Литмир - Электронная Библиотека
A
A

— А не обманешь, Тимрук пичче?

— Советская власть никогда не обманывает!

Семен перед началом спектакля произнес речь: он объяснил, что такое новый календарь, новый стиль. Все были довольны, что Новый год пришел раньше обычного.

Когда Семен нырнул за полог, вышел Замана-Тимрук.

Анук наказала ему «говорить не меньше получаса, чтобы артисты успели приклеить бороды, покрасить лица».

— Я дам знать, как настанет время, — предупредила она его.

— Товарищи! Советская власть и в Чулзирме, и во всей Самарской губернии, и по всей Российской земле укрепилась навсегда, — начал Тимрук.

Он говорил о положении на фронтах, о необходимости собирать и отправлять теплую одежду для фронта. Народ, раньше боявшийся слово сказать перед председателем, сейчас зашумел:

— Ладно, Тимрук пичче, об этом ты с нами часто беседуешь. Теперь ты расскажи нам, как выследил и поймал Фальшива. Суд над ним был или нет?

— Сразу бы расстрелять такого злодея!

— Говорят, что он убил Сибада-Михали.

— Он Шатра Микки сбил, сбросил под обрыв. Верно или нет?

Публика заставила Тнмрука заговорить и о событиях в Чулзирме.

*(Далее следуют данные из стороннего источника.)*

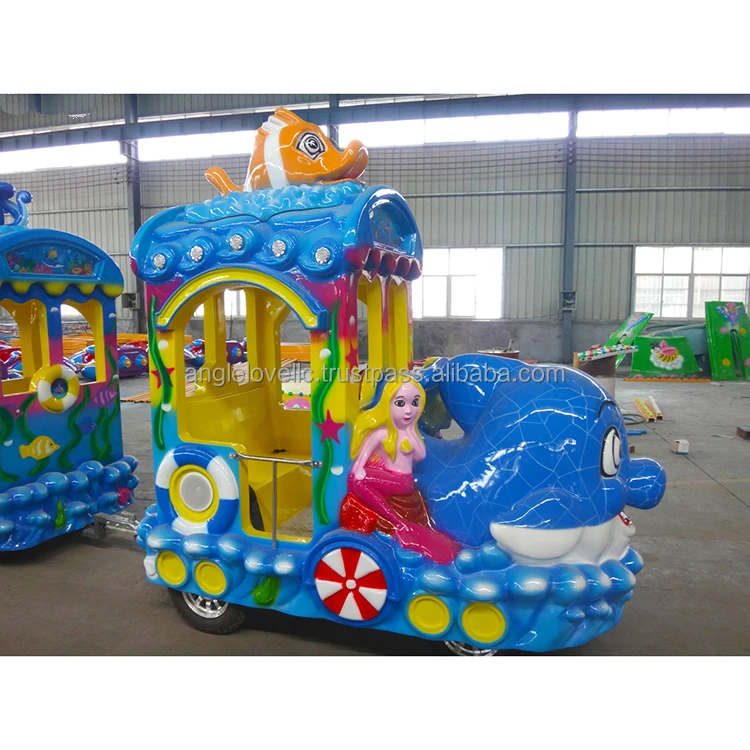 The Most Popular Family Game Rides Train Beautiful Electric Trackless Train Funny Kids Rides for Theme Park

— Шатра Миккн, говорите? Кто это — Шатра Микки? — загорелся Тимрук, как настоящий оратор, — Не знаю! Не видел, не слышал! Есть у нас Никифор Иванович Романов, герой! Прежде он занимал вас своими сказками. Превращая сказку в жизнь, дважды добровольно уходил на фронт. А здесь, в селе? Борясь с врагом, три раза встречался с глазу на глаз со смертью. А помните, как его до крови избили каратели? Он и тогда не переставал славить Советы… Вы по старой привычке зовете его Шатра Микки, но все-таки теперь он для нас не Шатра-рябой Микки, а Хитре-красивый Микки. Каждому надо стараться быть похожим на него… Если хотите знать о Фальшине, то время Фальшиных кончилось. Чтобы судить Фальшина по всем законам, ждут только выздоровления Никифора Иваныча…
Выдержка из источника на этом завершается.